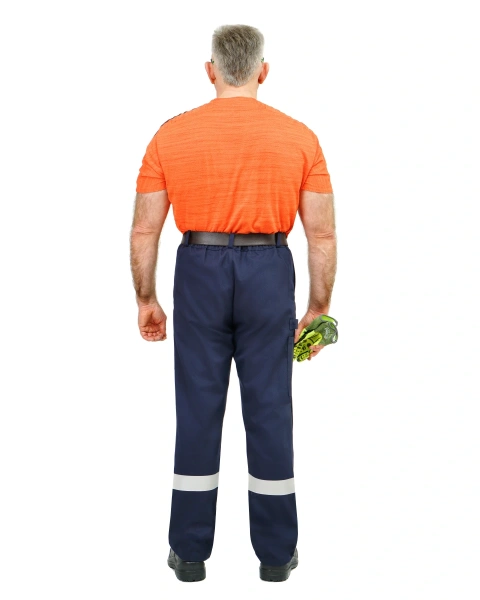 Костюм сварщика ОНИКС СОП 1 кл.защиты с БР (т.синий/красный)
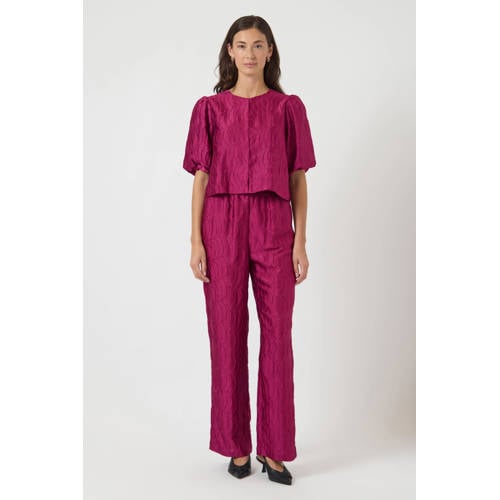 Y.A.S regular waist casual broek roze afbeelding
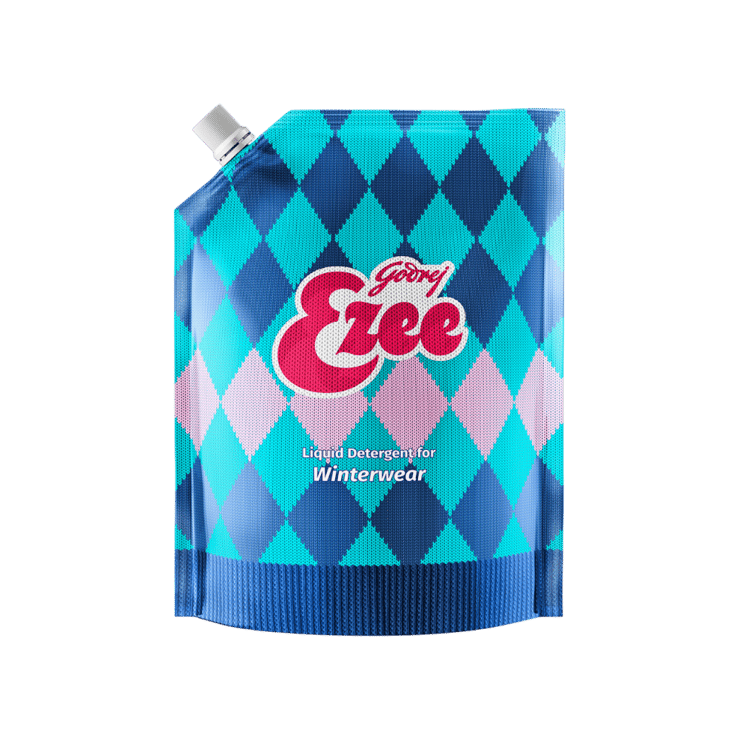 Godrej Ezee Woollen Liquid Detergent For Winterwear- Chiffon & Silks - 2 kg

Exercise: Keep the pictures out, and write out the rest of the data above word for word.

Result of the exercise:
 Костюм сварщика ОНИКС СОП 1 кл.защиты с БР (т.синий/красный)
 Y.A.S regular waist casual broek roze afbeelding
 Godrej Ezee Woollen Liquid Detergent For Winterwear- Chiffon & Silks - 2 kg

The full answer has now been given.